Morphology and CFAP58 Deficiency of the Spermatozoa from the Control Individuals and Men Harboring Bi-allelic *CFAP58* Variants

(A) The morphology of the spermatozoa from a fertile control individual (i) and subject A064 II-1 under light microscopy. Multiple images were taken, and typical features of abnormal spermatozoa are exemplified, such as coiled, absent, and short flagella (ii–iv). Scale bars: 5 μm.

(B) Immunofluorescence staining of CFAP58 in the spermatozoa from a control individual and three men harboring bi-allelic *CFAP58* variants. Anti-CFAP58 (red) and anti-α-tubulin (green) antibodies were used. The nuclei of spermatozoa were Hoechst labeled (blue). In the control individual, CFAP58 localized along the entire sperm flagella and concentrated on the mid-piece of the flagella (i). However, the CFAP58 signal is absent from the sperm flagella of men harboring bi-allelic *CFAP58* variants (ii–iv). Scale bars: 10 μm.

(C) CFAP58 abundances were analyzed by immunoblotting in the sperm from two control individuals and four men harboring bi-allelic *CFAP58* variants. β-tubulin was used as a loading control. CFAP58 was absent in the sperm samples of subjects A064 II-1, A050 IV-1, N010 VI-1, and N015 II-1.

To investigate the pathogenicity of the identified CFAP58 LoF variants, we examined the localization and abundance of CFAP58 in sperm cells from a control individual and men harboring bi-allelic CFAP58 variants by using a commercial antibody against CFAP58. By immunofluorescence staining, we found that CFAP58 localized at the entire flagella in the fertile control individual and strongly concentrated at the mid-piece (Figure 2B). However, CFAP58 staining was almost absent in the sperm flagella of subjects A050 IV-1, A064 II-1, and N015 II-1 (Figure 2B). Immunoblotting analysis was performed with the spermatozoa from men harboring bi-allelic CFAP58 variants (except subject N011 IV-1, whose semen was not sufficient). We found that CFAP58 was almost absent in the samples of men harboring bi-allelic CFAP58 variants (Figure 2C), which could be caused by the nonsense-mediated mRNA decay triggered by premature translation termination. These experimental results reveal that CFAP58 deficiency due to bi-allelic LoF variants of CFAP58 can cause MMAF-related asthenoteratozoospermia.

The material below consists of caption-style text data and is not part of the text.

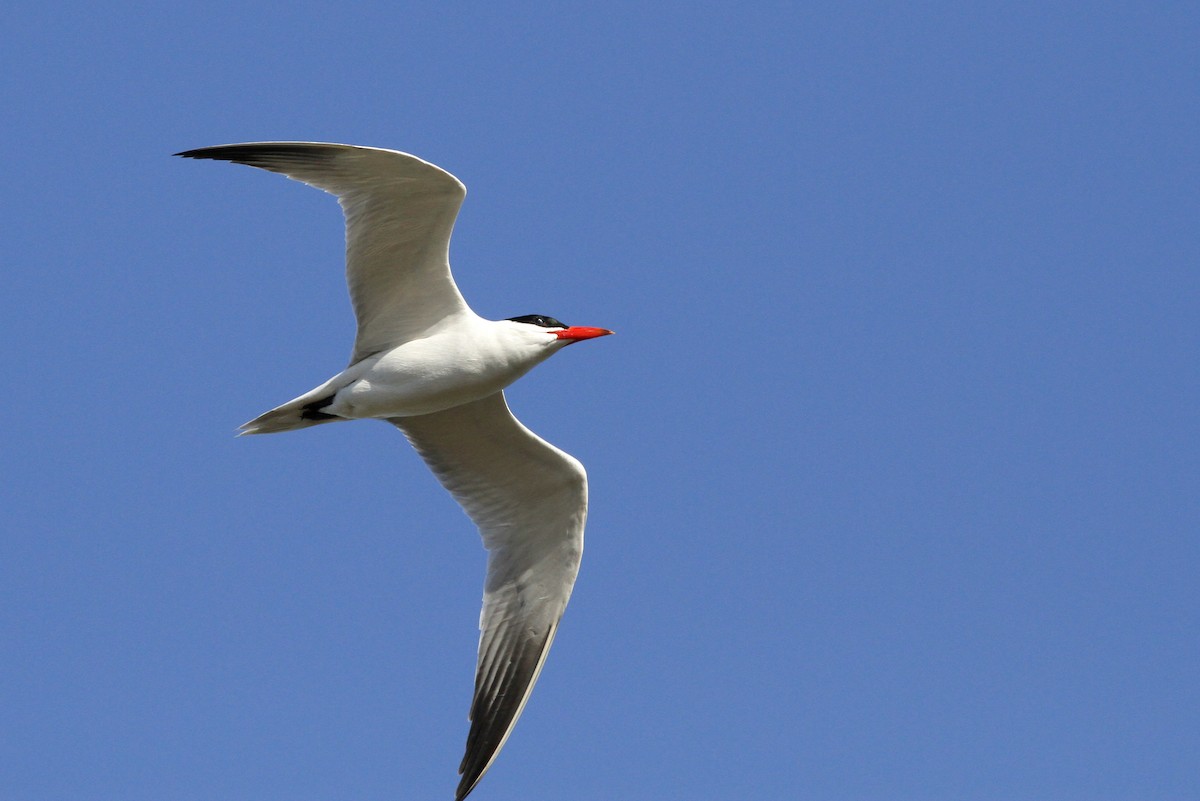 Caspian Tern - ML236938791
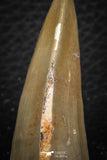 07671 - Top Rare 2.16 Inch Huge Mosasaurus hoffmanni Tooth Late Cretaceous
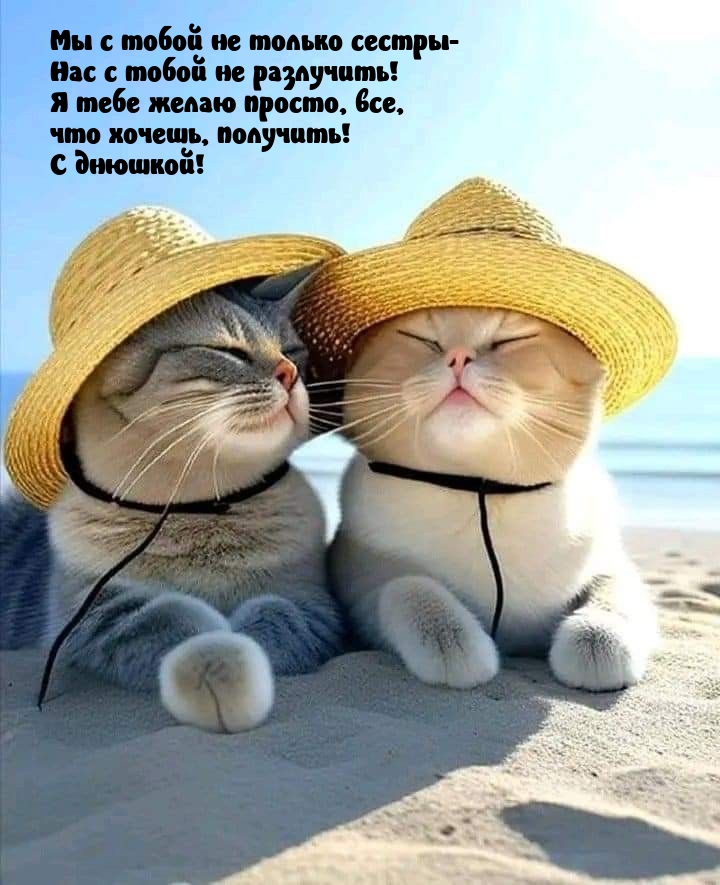 С днюшкой! Мы с тобой не только сестры - нас с тобой не разлучить!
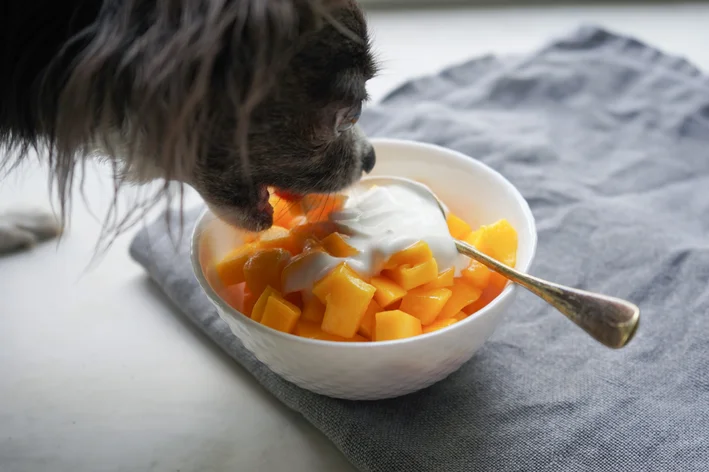 cachorro comendo manga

CFAP58 Deficiency Associated with Axoneme and Mitochondrial Sheath Malformations

Axoneme, the core of motile cilia and flagella, is a highly evolutionarily conserved “9 + 2” structure, which consists of nine doublets of microtubules (DMTs) circularly arranged around a central pair of microtubules (CP). In addition, the sperm flagellum harbors specific peri-axonemal structures, including a helical mitochondrial sheath in the mid-piece, a fibrous sheath in the principal piece, and outer dense fibers (ODFs) in the mid-piece and the proximal part of the principal piece (Figure 3A). We performed TEM analysis to investigate the sperm flagellar ultrastructure of men harboring bi-allelic CFAP58 variants, and cross-sections of the sperm flagella revealed various axonemal malformations, including absence of CP (“9 + 0” or “9 + 1”), absence of DMTs, and the complicated disorganization of the “9 + 2” structure (Figure 3A). We observed 118, 101, 79, and 100 cross-sections from a control individual and three affected subjects, A050 IV-1, A064 II-1, and N015 II-1, respectively. Cross-section quantification indicated that more than 90% of the axonemal cross-sections were abnormal in men harboring bi-allelic CFAP58 variants, which was much higher than that of the control individual. The main defective types were absence of CP (12.9%, 57.0%, and 76.0% for subjects A050 IV-1, A064 II-1, and N015 II-1, respectively) and absence of DMTs (41.6%, 24.1%, and 9.0% for subjects A050 IV-1, A064 II-1, and N015 II-1, respectively). The residual fraction of defects presented with complicated axonemal disorganization of CP, DMTs, nexin, dynein arms, mitochondrial sheath, and/or ODFs (Figure 3B). In addition, we found that the number of ODFs was almost doubled in some of the flagellar mid-piece from subjects A050 IV-1 and A064 II-1 (Figure 3A). Intriguingly, immunofluorescence analysis also revealed an increased staining of ODF2 at the shortened and coiled flagella in the spermatozoa of men harboring bi-allelic CFAP58 variants (Figure S3), which might indicate the important role of CFAP58 in ODF protein transportation.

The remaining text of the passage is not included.